To uninstall the package, use the following command:

pip uninstall preprocess_kgptalkie

Requirements

You need to install these python packages.

pip install spacy==3.7.6
python -m spacy download en_core_web_sm==3.7.1
pip install nltk==3.9.1
pip install beautifulsoup4==3.2.2
pip install textblob==0.18.0.post0

Download NLTK Data

If you are using this package first time then You need to download NLTK data as follows:

import preprocess_kgptalkie as ps
ps.download_nltk_data()

How to Use the Package

1. Basic Text Preprocessing

Lowercasing Text

import preprocess_kgptalkie as ps

text = "HELLO WORLD!"
processed_text = ps.to_lower_case(text)
print(processed_text)  # Output: hello world!

Expanding Contractions

import preprocess_kgptalkie as ps

text = "I'm learning NLP."
processed_text = ps.contraction_to_expansion(text)
print(processed_text)  # Output: I am learning NLP.

Removing Emails

import preprocess_kgptalkie as ps

text = "Contact me at example@example.com"
processed_text = ps.remove_emails(text)
print(processed_text)  # Output: Contact me at 

Removing URLs

import preprocess_kgptalkie as ps

text = "Check out https://example.com"
processed_text = ps.remove_urls(text)
print(processed_text)  # Output: Check out

Removing HTML Tags

import preprocess_kgptalkie as ps

text = "<p>Hello World!</p>"
processed_text = ps.remove_html_tags(text)
print(processed_text)  # Output: Hello World!
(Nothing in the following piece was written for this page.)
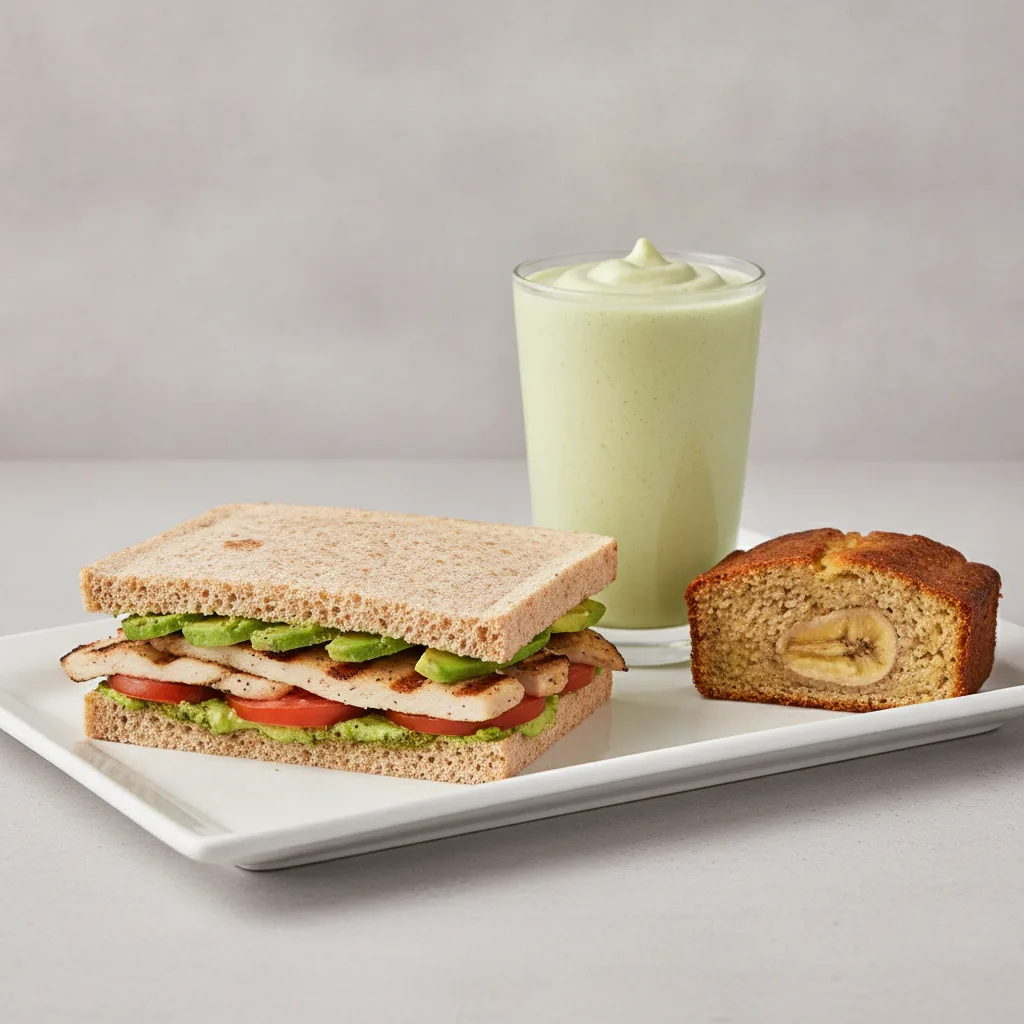 The Ultimate JOE Trio — JOE's Club Sandwich, Avo Shake, Banana Bread The Ultimate JOE Trio — JOE's Club Sandwich, Avo Shake, Banana Bread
Removing Special Characters

import preprocess_kgptalkie as ps

text = "Hello @World! #NLP"
processed_text = ps.remove_special_chars(text)
print(processed_text)  # Output: Hello World NLP

2. Advanced Text Processing

Lemmatization

import preprocess_kgptalkie as ps

text = "running runs"
processed_text = ps.lemmatize(text)
print(processed_text)  # Output: run run

Sentiment Analysis

import preprocess_kgptalkie as ps

text = "I love programming!"
sentiment = ps.sentiment_analysis(text)
print(sentiment)  # Output: Sentiment(polarity=0.5, subjectivity=0.6)

Detecting and Translating Language

import preprocess_kgptalkie as ps
from googletrans import Translator

translator = Translator()
text = "Bonjour tout le monde"
lang = ps.detect_language(text, translator)
translated_text = ps.translate(text, 'en', translator)
print(f"Language: {lang}, Translated: {translated_text}")
# Output: Language: fr, Translated: Hello everyone

3. Feature Extraction

Word Count

import preprocess_kgptalkie as ps

text = "I love NLP."
count = ps.word_count(text)
print(count)  # Output: 3

Character Count

import preprocess_kgptalkie as ps

text = "I love NLP."
count = ps.char_count(text)
print(count)  # Output: 9

N-Grams

import preprocess_kgptalkie as ps

text = "I love NLP"
ngrams = ps.n_grams(text, n=2)
print(ngrams)  # Output: [('I', 'love'), ('love', 'NLP')]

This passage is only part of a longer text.